I was 25 when I first visited the Welsh island of Caldey. Having spent the majority of my childhood holidays encountering the best and the worst of Pembrokeshire’s coastal weather, it seems odd to me now not to have made a crossing sooner. Ferried on one of the summer tourist boats leaving the South West town of Tenby, my family and I spent half a day roaming the little island and the buildings of its still-active monastery, crossing back to the mainland before sundown. Of that trip I remember swallows nesting above low chapel lintels, harsh cross winds on the dramatic headland and a dense mat of wildflowers softening rock faces that overlooked the Irish Sea. The brief visit left a lasting impression and when I returned, two years later, it was on the postman’s boat with provisions for a two night stay.
‘Only once can one tread new ground for the first time’, reflected ornithologist and great hopper-of-islands, Robert Atkinson. His remark documented the much anticipated experience of setting foot on the outcast, North Atlantic Scottish island of Rona. ‘Each new area was a precious exploration’, he recorded in his 1949 travel account, Island Going. Although it wasn’t my first visit to Caldey Island, during the course of that two night stay I do recall sharing in Atkinson’s sentiment. ‘All this will soon be familiar’; and each new discovery forged a lasting, personal acquaintance. Staying at the monastery guesthouse I spent my three days getting to know the island. Landmarks became quickly familiar: the headland lighthouse, a range of hard to reach bays, drystone walls dividing skylark-sprung fields, the monasterial wood; an eerie thicket of bolted sycamore and dense cedar, encircled by thorny gorse and a crumbling wall. On my final morning, curious to experience a coastal dawn chorus, I persuaded myself up in the small hours and walked, moonlit, to a shallow cave on the east face of the island. The walk meant passing through the wood at night: an experience equally elating as it was hair-raising. This event alone, so otherworldly in contrast to life back in London, was enough to promote my Caldey jaunts to an annual fixture.

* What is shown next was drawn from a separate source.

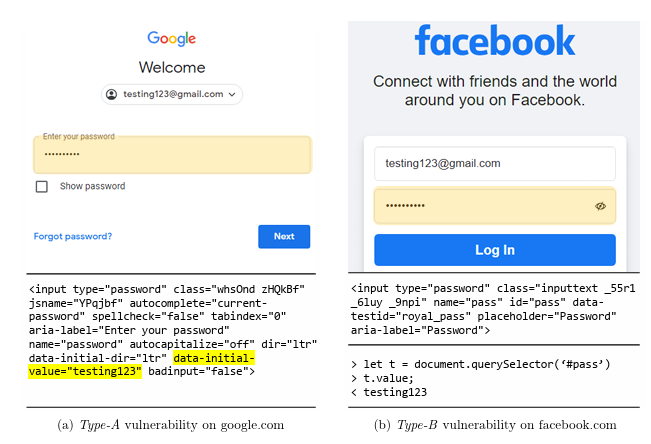 閲覧ページへのアクセス権限さえあれば、HTMLページのテキストボックスからパスワードのような機密性の高いユーザー情報を盗むことができる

There’s a long history uniting monastic life and botany, and where better to endeavour both practices than on a seclusive, untempered island. Although Caldey’s monks occupy themselves today with less botanical enterprises (such as the production of gift chocolate and perfume) the quiet, unobtrusive nature of their presence on the island chimes well with the resident wildlife. Across its modest 500 acres, Caldey boasts an unlikely range of habitats, playing host to a wealth of inhabitants. Avian rarities like the red-beaked chough are often spotted, spinning down to cliff edges populated with fulmars, razorbills and oystercatchers. Sea-campion and Devil’s-bit Scabious bloom colourfully on the sloping field margins while tracts of butterbur (Petasites fragrans) can be found running through damp courses in the wood. Across my visits I’ve attempted to note down the wildlife I encounter and the list continues to grow. During one spring visit I came by the pinky-red spires of Gladiolus byzantinus protruding from cracks along one of the inland stone walls. To what degree their orientation had been the result of human intervention I couldn’t say, however these Mediterranean natives have long naturalised in Britain, and here appeared very much at home among Caldey’s indigenous flora.
As a gardener I will concede that plants straddling the horticultural divide between the wild and the cultivated are those I often find most attractive. A sense of how one might apply a plant to a domestic setting can add greatly to its appeal. As one of horticulture’s geographical mongrels, the Byzantine gladiolus sits comfortably in many styles of garden, mucking in with formal planting as happily as it does wilder, more naturalistic schemes.
In the past I’ve found that weaving them through high grass or meadow achieves particularly affecting results, adding spikes of magenta among similarly upright, linear plants. Corms can be purchased online from suppliers such as J. Parker’s (www.jparkers.co.uk) all the way through the winter, and once planted will typically flower between May and June. For me this simple, unostentatious species of gladioli has become a lively reminder of the wilder places in my life.